Hi Kumpel, the declension (nouns) and conjugation (verbs) are available on this site here, I don't know a single learner of Icelandic who doesn't rely heavily on this site 
_Takk_ is not a verb, it's an exclamation like "Thanks" in English.

Also, two more things, feminine nouns that end in _-ing _in Icelandic only get the_ -u_ in the declension when it is (singular) accusative / dative, so it would be _samtenging_) *but *that is the wrong word, that means conjunction (like _and_,_ but_, _if_) the word for conjugation in Icelandic is _sagnbeyging_.

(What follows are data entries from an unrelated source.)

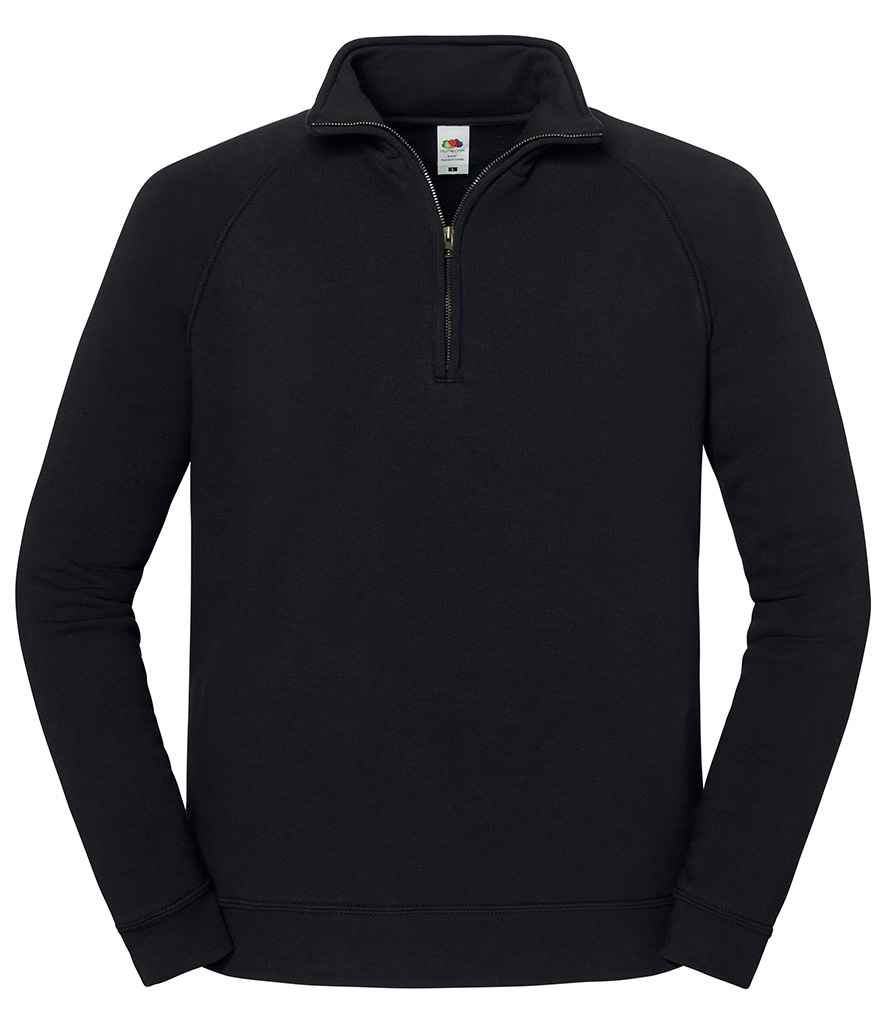 SS154 BLK FRONT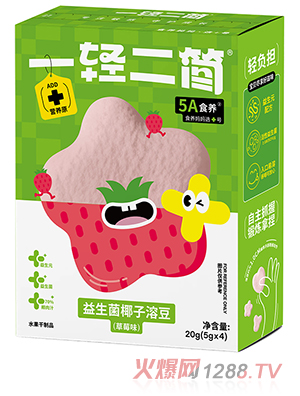 һ�p����(ji��n)������Ҭ���ܶ���ݮζ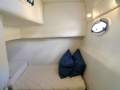 Mustang 2800 SportsCruiser Series III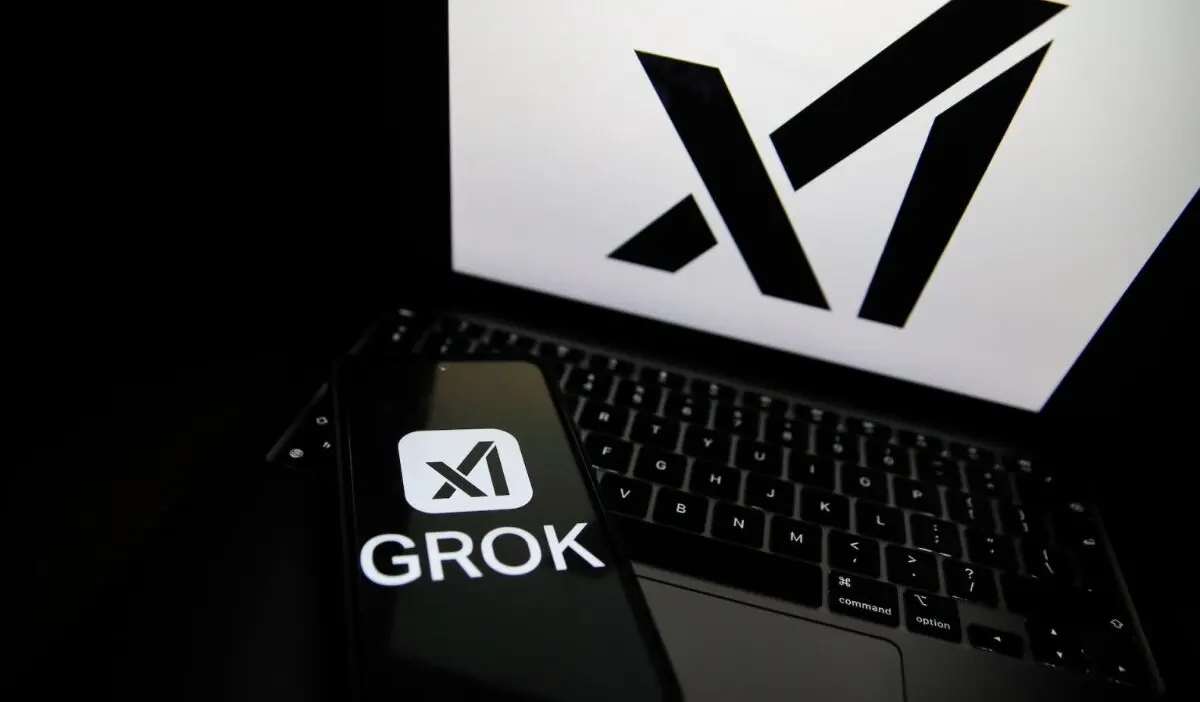 Musk Says xAI Open Sources Grok 2.5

So _the conjugation of the verb að þakka is_ (_sagnbeygingin sagnorðins að þakka_ _er_)

Ég þakka
Þú þakkar
Hann þakkar
Við þökkum
Þið þakkið
Þeir þakka

It's a normal group-1 weak verb.

[Edit]: I just saw your other question, the development of Old Norse into the Scandinavian languages, Danish lost its "th" (unvoiced) sound and replaced it with "t" *, and this is how the ancestor of þakka went into Danish as "tak", which Iceland borrowed (takk) (under Danish rule), so it has the Danish form (now considered a standard part of the modern vocabulary like_ forest / pork_ are now in English) as well as the original verb form that was present in the ancestor language, so it lives with both, and the difference is that Danish has no unvoiced "th" sound and had meant the form had developed to be _takk_.

*I know next to nothing about Danish or its history, but I know it doesn't have a sound corresponding to þ in Icelandic, or unvoiced "th" in English, because these ended up as [t] in the language.


----------



## Kumpel

Takk, man.
I used Google Translator to get the word for conjugation; I did it because, reading Sindri's posts, I wasn't sure if his English was good enough for words which are obscure in informal conversation - So, that one's Google's fault.
I'm not learning Icelandic, as such, I'm just interested in linguistic change, so the _Þ > t_ thing was bugging me.
I know _takk_ is an interjection, but it's obviously related to _að þakka_, so I wondered why the difference(, especially as, even in the conjugation you've given, it retains the þ).

Takk fyrir, nevertheless.
Lloyd


PS Just reading through what I wrote, the _"(__samtengingu)" _is in the accusative, but still, the wrong word you say.


----------



## Alxmrphi

> Takk fyrir, nevertheless.
> Lloyd


The _nevertheless_ part makes it seem as if you haven't got the answer you were looking for, but correct me if I am wrong. I thought I explained the þ -> t difference.
I see what you mean about Google Translate, it does give_ samtengingu_, I wonder how they got that. 



> PS Just reading through what I wrote, the _"(__samtengingu)"  _is in the accusative, but still, the wrong word you say.


Good point, I didn't view it like that!


----------



## Kumpel

Yeah, don't worry, you did explain it well. 
The _nevertheless _was because I felt like I spent the whole post making excuses for using the wrong word, and talking about how I'm interested in language, and how I do know that _takk_'s an interjection, and that that's in the accusative case, etc.
I drifted off the point of þ > t, well, I drifted off the point of drinking straws.

...but nevertheless, ta.

Lloyd


----------